アメリカのノウハウがダイレクトマーケティングの参考に

 03年10月に、ロサンゼルス州ロングビーチで開催されたNACAC(National Association for College Admission Counsering) National Conferenceに参加した。
 NACACは、高校から高等教育機関に進学する生徒を支援する国際的な非営利団体である。全米をはじめ世界54カ国の高校の進学カウンセラー(進路指導担当)、大学のアドミッションカウンセラー(入学担当)など約8000人の高等教育機関関係者で構成されている。その全国大会である National Conferenceは、大学職員の研修の機会ともなっており、大学進学に関する最新の課題について、多くの講演やミーティングが実施された。学生募集に関するプログラムも用意されていた。
 参加して実感したのは、大学のアドミッションカウンセラーが、生徒の進学に携わることについて、熱意と誇りをもって業務に取り組んでいることだ。受験生やその家族が正しい進路選択をするためには、最新の情報とコミュニケーションが必要だと認識し、ダイレクトマーケティングを行い、積極的に進路支援のプログラムや広報ツールを開発している。それは結果的に大学が入学してほしい学生を見つけ出すことにつながるという。
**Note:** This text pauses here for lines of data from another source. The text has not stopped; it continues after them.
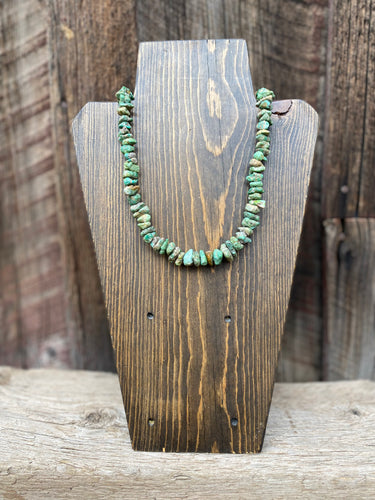 Campitos Nugget Necklace (Green) N0717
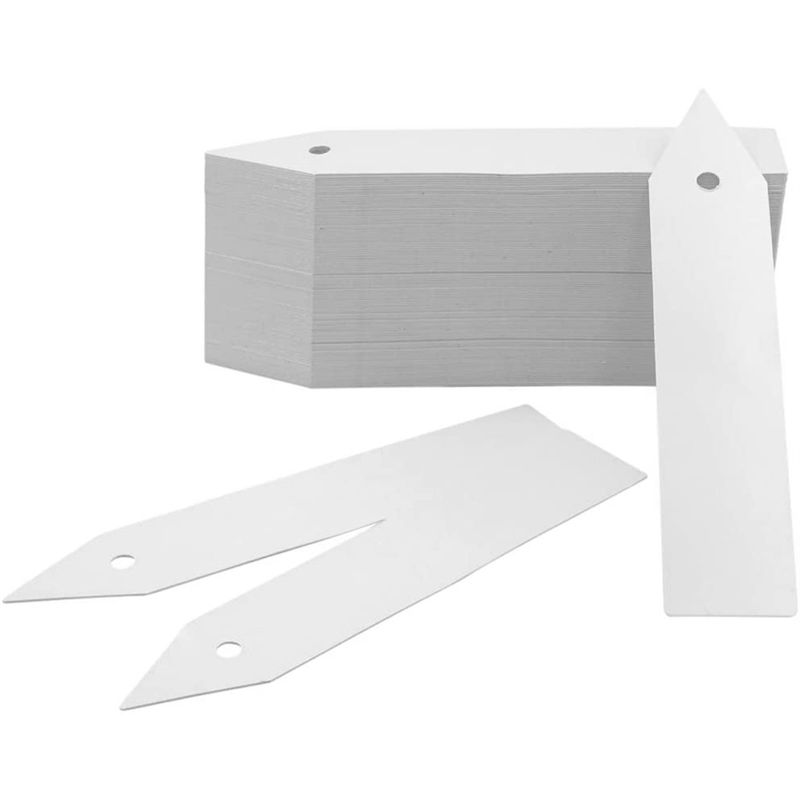 REST 200 Pcs Plastic Plant Nur - Gardening Tools Labeled ulasan dan harga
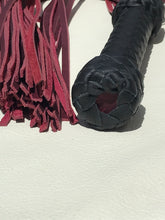 Load image into Gallery viewer, Red &amp; Black Kodiak Flogger Stingy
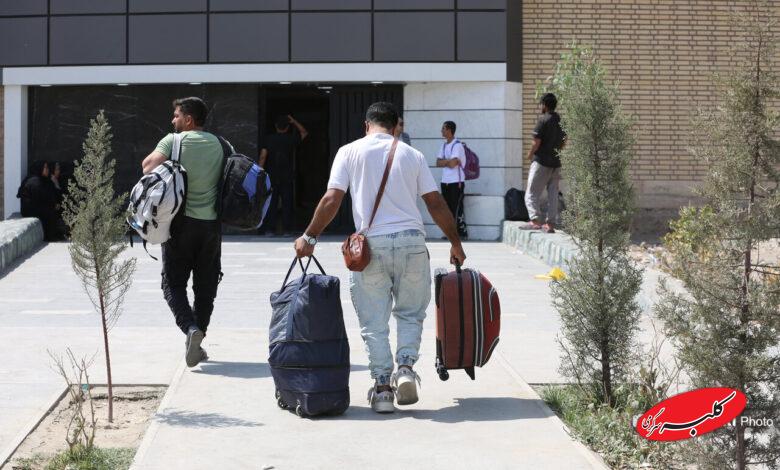 اردوگاه بازگشت اتباع افغان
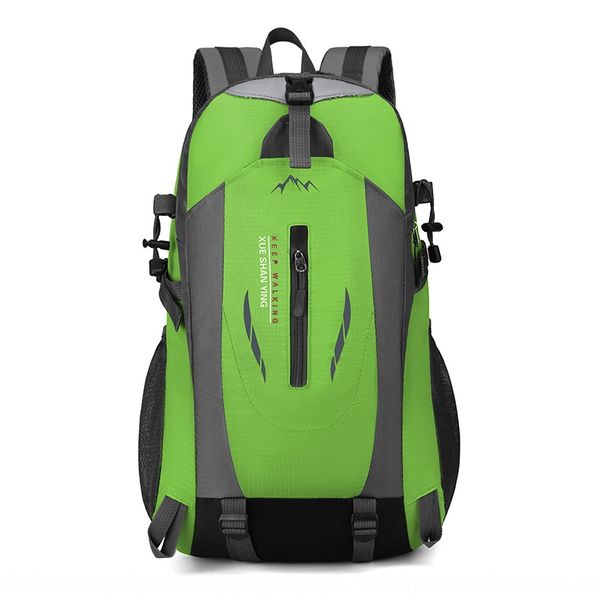 

sb5f1 outdoor mountaineering bag large capacity leisure travel mountaineering bag backpack men's sports women's korean style trave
 アメリカでは、カレッジボードからセグメントされたリストが購入できる。カレッジボードはアメリカの大学受験のための試験であるSATの運営などを行う非営利団体だ。受験した高校生の詳細なデータを保有しており、生徒自身が許諾しているものはリストとして大学が購入できる。このリスト上の受験生たちを、どのようにして入学登録まで導くかが重要で、DM、eメールによる継続的な情報発信とともに、オープンキャンパス等への参加を促進し、直接の接触につなげている。日本とはリスト入手に至る環境が異なるが、ダイレクトマーケティング先進国であるアメリカのノウハウは、DMの内容や接触のタイミングなどの面で大いに参考になるだろう。